A week or so passed and as I was looking at Insta stories from all you inspiring makers, I stumbled across Sylvia from The Ravel Out doing a little fabric haul. As a fellow fabric addict, I tuned in immediately and surprise! She just got the very same fabric from Blackbird Fabrics! It is a Telio Fashion polyester crepe and just in case it is sold out on Blackbird Fabrics by the time you read this, here is a link to the same fabric on Fabric.com. I messaged Sylvia with interest to do a collaboration and being the sweetheart she is, she agreed without hesitation. We decided to make 2 different summer dresses using the same fabric.

So remember how I only had 1.5 yards? I knew I would have had to make a mini dress and that was not my heart’s desire. I mustered up some faith and headed back to the fabric store hoping by some miracle that they would find an extra bolt in their store room. I don’t know what kind of magic I worked that day, but there it was in all it’s glory, a fresh new bolt of cheetahs staring at me. I picked up another 2.5 yards so now I had a total of 4 yards, enough to whip up a flowy maxi dress.

I had recently received the True Bias Southport Dress in a pattern haul from The Confident Stitch. I had a gift card from them and decided than instead of fabric, I would get my very first Indie paper patterns. I knew I needed to make a muslin of the bodice since my body has changed so much lately and I am just learning to make different alterations than I was used to previously. You guys….. I made 2 muslins from scrap fabrics and made the bodice from my actual fabric 3 times! Thank goodness I had 4 yards!

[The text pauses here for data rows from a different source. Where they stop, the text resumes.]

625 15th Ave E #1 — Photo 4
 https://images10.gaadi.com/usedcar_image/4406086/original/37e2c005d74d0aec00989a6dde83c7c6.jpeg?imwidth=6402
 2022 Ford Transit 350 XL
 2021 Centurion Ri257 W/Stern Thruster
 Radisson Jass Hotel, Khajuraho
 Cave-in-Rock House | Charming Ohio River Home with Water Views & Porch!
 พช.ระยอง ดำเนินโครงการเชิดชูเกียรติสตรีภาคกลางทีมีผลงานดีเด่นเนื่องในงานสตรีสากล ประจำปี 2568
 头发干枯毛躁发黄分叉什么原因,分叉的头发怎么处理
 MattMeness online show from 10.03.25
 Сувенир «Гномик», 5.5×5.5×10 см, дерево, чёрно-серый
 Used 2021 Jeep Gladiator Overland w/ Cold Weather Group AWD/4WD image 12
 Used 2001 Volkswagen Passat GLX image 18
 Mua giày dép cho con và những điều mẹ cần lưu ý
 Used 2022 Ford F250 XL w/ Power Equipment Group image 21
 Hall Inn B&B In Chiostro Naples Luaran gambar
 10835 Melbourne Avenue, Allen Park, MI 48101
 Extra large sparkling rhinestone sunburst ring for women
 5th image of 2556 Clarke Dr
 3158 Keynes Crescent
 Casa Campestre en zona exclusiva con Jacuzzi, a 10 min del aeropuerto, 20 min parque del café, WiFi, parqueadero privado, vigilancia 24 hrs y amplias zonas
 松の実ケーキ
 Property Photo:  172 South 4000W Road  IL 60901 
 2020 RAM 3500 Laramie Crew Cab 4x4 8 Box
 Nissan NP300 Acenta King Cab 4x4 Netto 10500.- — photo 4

My body measurements put me at size 14 but after reading tons of reviews and looking at the finished garment measurements, I went down to 12. The bodice is drafted for a C cup and I wear a D cup but the muslin showed that there was ample room and I had no need to do an FBA. Here’s what went wrong with the million muslins. I should have made the first one from my actual fabric since it behaves very differently to the scrap fabric I used. My scrap fabric muslin had an extremely low cut top and large armholes. I messed with the shoulders and folded out some from both the back and front bodice pieces straight across from arm scye to arm scye. When I cut this version from my actual fabric, It appeared I had folded out way too much. The second muslin, I started from scratch, folded out less, and tried to use a fabric that was closer to my fabric type. When I made that version out of my actual fabric, all was going well until I added the bias binding to the neckline and armholes. I quickly realized that my bias binding was way too stiff for my crepe fabric and caused the armholes to be super tight and uncomfortable. For my final bodice, I folded out 1/2 inch across the back bodice, did a 1/2 inch forward shoulder adjustment and took up the shoulders 1/4 inch. This time, I used my bias binding maker from Amazon to make lightweight cotton bias binding from some navy scraps. And finally, my bodice fit perfectly! Phew! I also used the bias binding maker as an extra hand to fold my drawstring and it worked amazingly. What have I learnt? Next time make a muslin from the identical fabric type!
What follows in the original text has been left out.